** What you are asked to do **
In this exercise, the entries below include pictures. Repeat exactly the lines from the line with "In this video, you" to the line with "So if you go", including both, but without the pictures.

═════ Record set

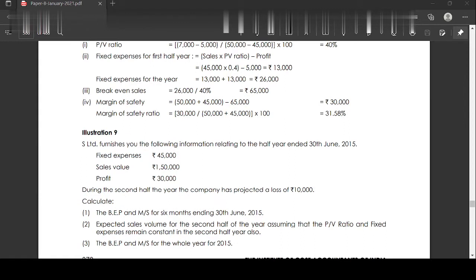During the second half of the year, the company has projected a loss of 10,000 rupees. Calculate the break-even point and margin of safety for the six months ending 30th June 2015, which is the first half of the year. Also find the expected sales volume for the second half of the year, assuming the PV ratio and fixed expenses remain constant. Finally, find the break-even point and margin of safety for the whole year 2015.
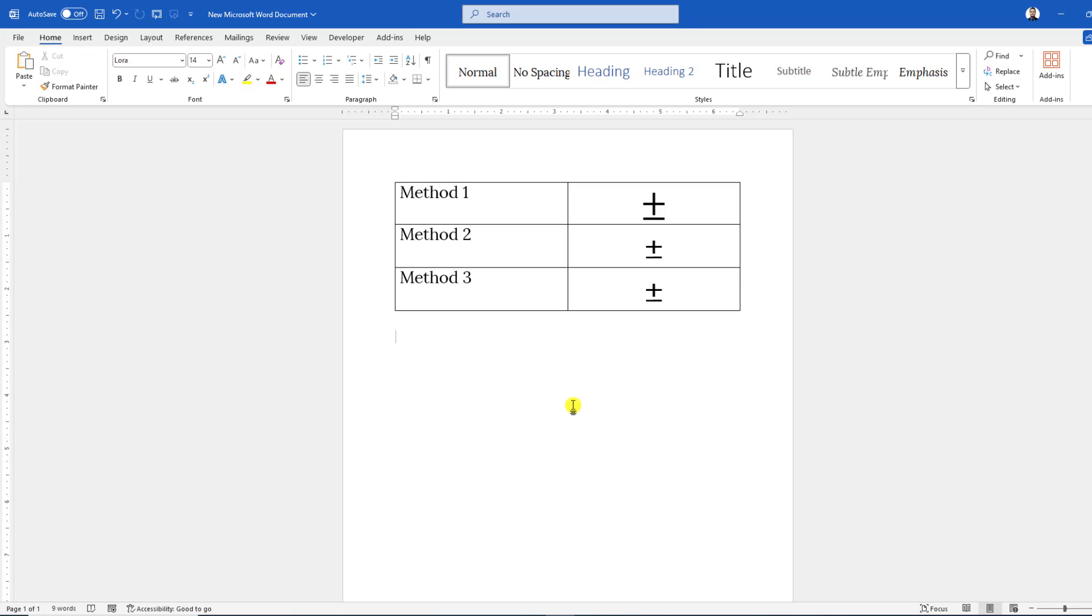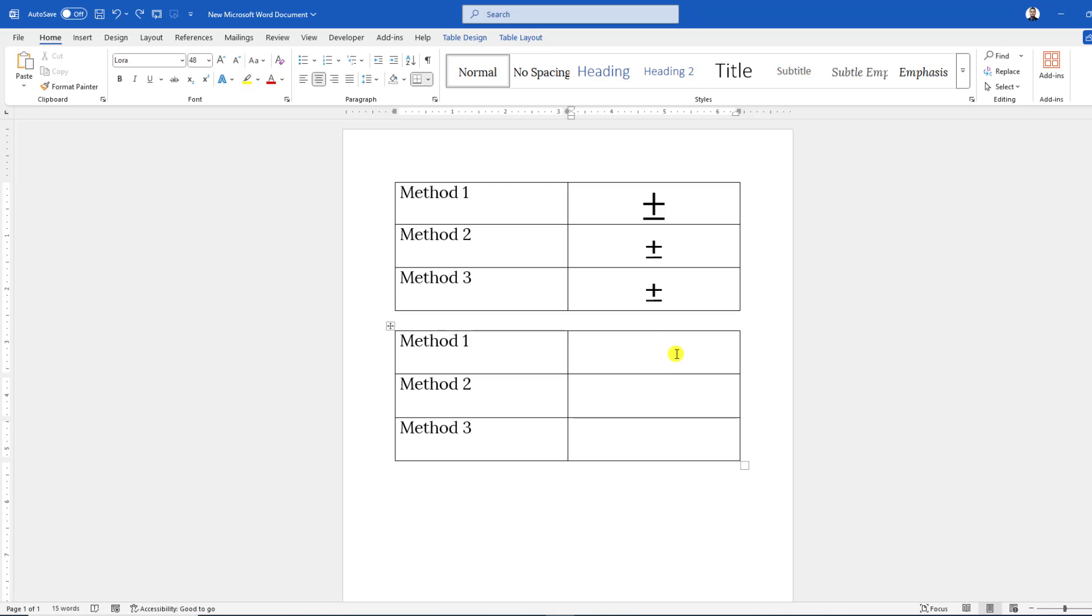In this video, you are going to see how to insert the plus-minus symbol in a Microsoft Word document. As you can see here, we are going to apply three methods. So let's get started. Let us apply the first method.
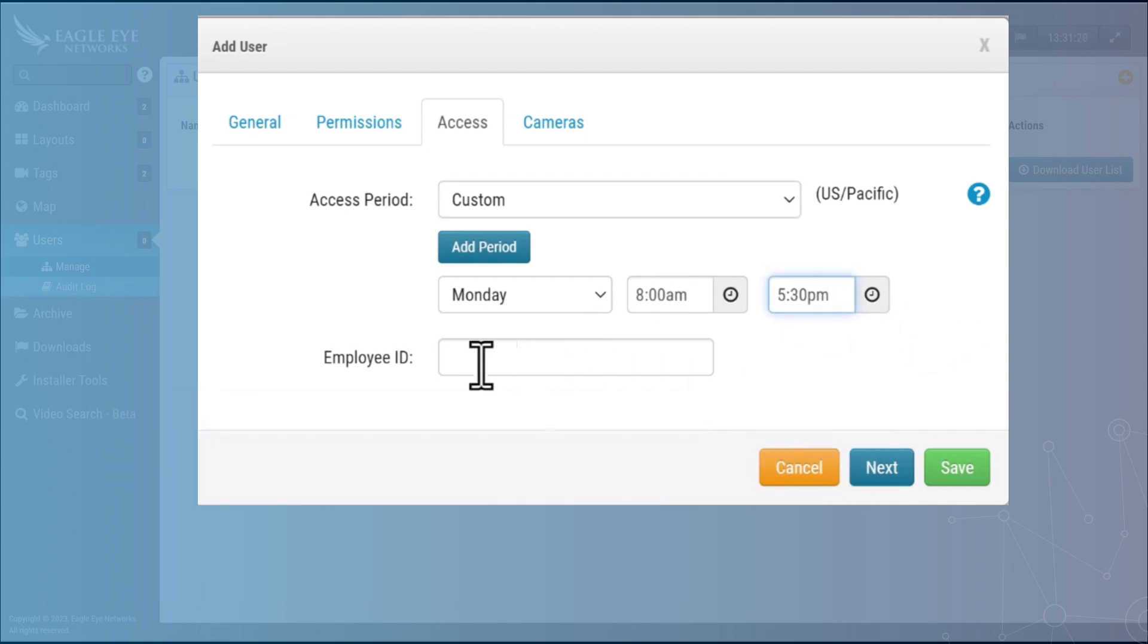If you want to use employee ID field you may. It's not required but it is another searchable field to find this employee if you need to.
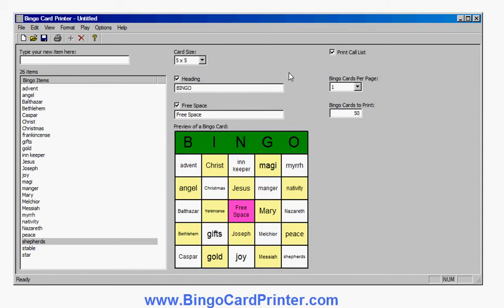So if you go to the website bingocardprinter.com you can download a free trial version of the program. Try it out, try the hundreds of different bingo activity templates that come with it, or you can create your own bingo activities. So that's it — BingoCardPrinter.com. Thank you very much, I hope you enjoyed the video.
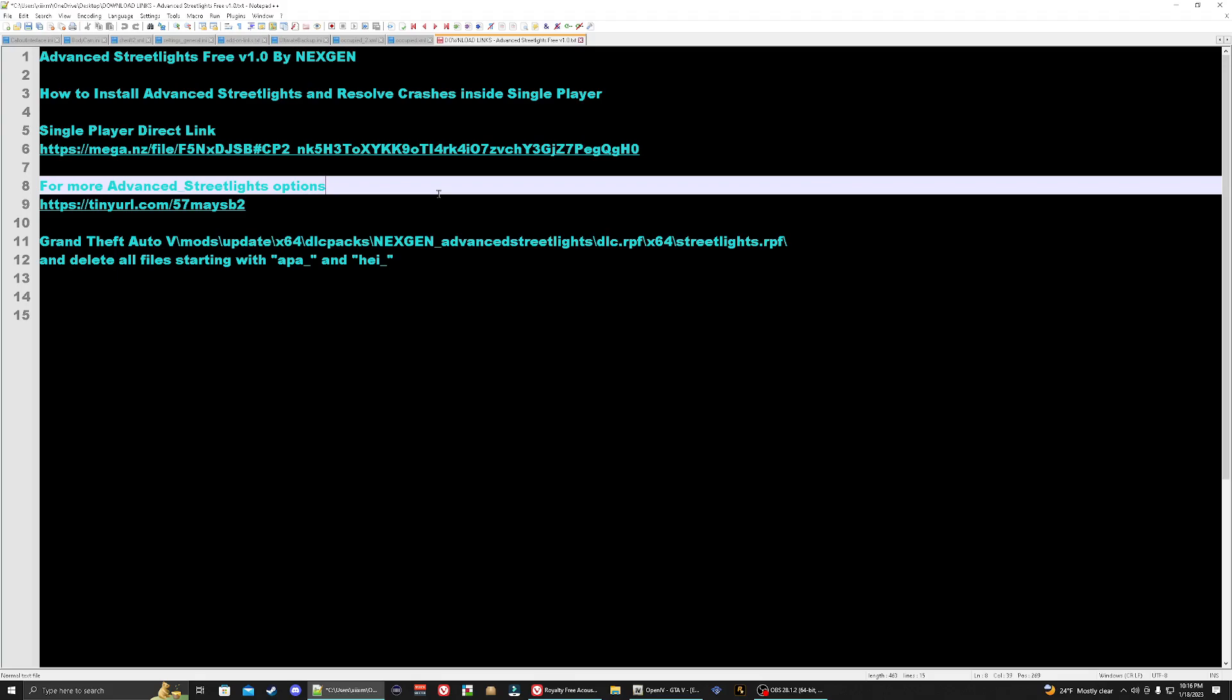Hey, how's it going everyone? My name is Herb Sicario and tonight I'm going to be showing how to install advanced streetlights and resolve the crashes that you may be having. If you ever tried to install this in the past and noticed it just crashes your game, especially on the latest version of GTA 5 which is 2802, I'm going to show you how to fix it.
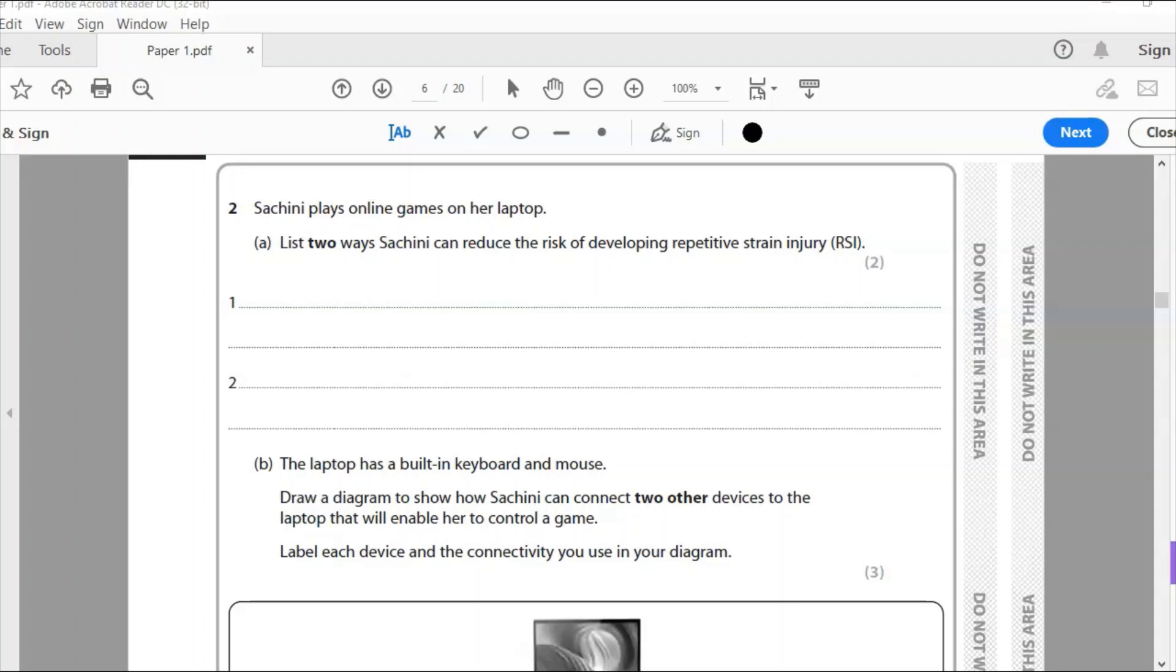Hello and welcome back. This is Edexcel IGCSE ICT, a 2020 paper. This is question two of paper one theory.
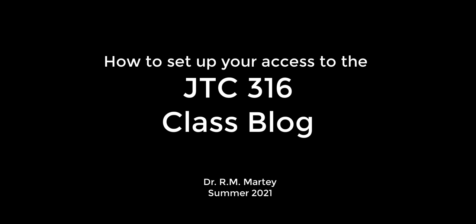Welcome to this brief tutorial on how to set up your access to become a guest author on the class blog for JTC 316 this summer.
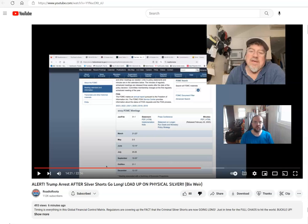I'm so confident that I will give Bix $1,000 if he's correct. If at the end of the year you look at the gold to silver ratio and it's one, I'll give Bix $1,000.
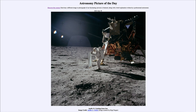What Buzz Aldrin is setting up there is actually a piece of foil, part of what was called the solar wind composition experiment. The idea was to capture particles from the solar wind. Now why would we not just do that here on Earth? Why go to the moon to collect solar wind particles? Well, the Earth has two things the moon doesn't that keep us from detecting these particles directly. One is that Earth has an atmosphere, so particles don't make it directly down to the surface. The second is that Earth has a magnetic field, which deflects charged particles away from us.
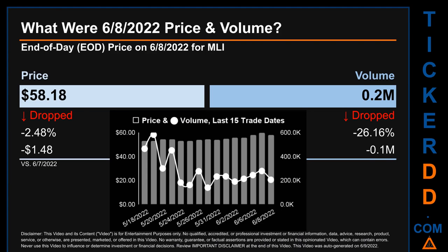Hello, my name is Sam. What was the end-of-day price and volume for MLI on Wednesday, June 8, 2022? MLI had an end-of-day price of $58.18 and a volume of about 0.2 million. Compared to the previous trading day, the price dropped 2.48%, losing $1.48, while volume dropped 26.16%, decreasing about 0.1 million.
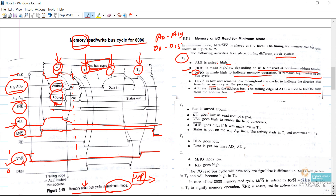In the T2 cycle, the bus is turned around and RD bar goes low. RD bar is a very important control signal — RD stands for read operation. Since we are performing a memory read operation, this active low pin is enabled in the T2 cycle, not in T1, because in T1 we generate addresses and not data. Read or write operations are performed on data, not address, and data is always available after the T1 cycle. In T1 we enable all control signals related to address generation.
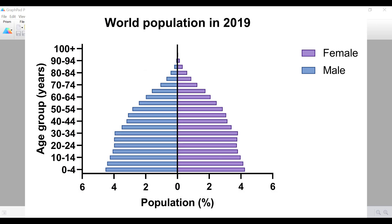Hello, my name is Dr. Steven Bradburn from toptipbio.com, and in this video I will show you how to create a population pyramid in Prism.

══════════

** Answer box **
In this video, you are going to see how to insert the plus-minus symbol in a Microsoft Word document. As you can see here, we are going to apply three methods. So let's get started. Let us apply the first method.
If you want to use employee ID field you may. It's not required but it is another searchable field to find this employee if you need to.
So if you go to the website bingocardprinter.com you can download a free trial version of the program. Try it out, try the hundreds of different bingo activity templates that come with it, or you can create your own bingo activities. So that's it — BingoCardPrinter.com. Thank you very much, I hope you enjoyed the video.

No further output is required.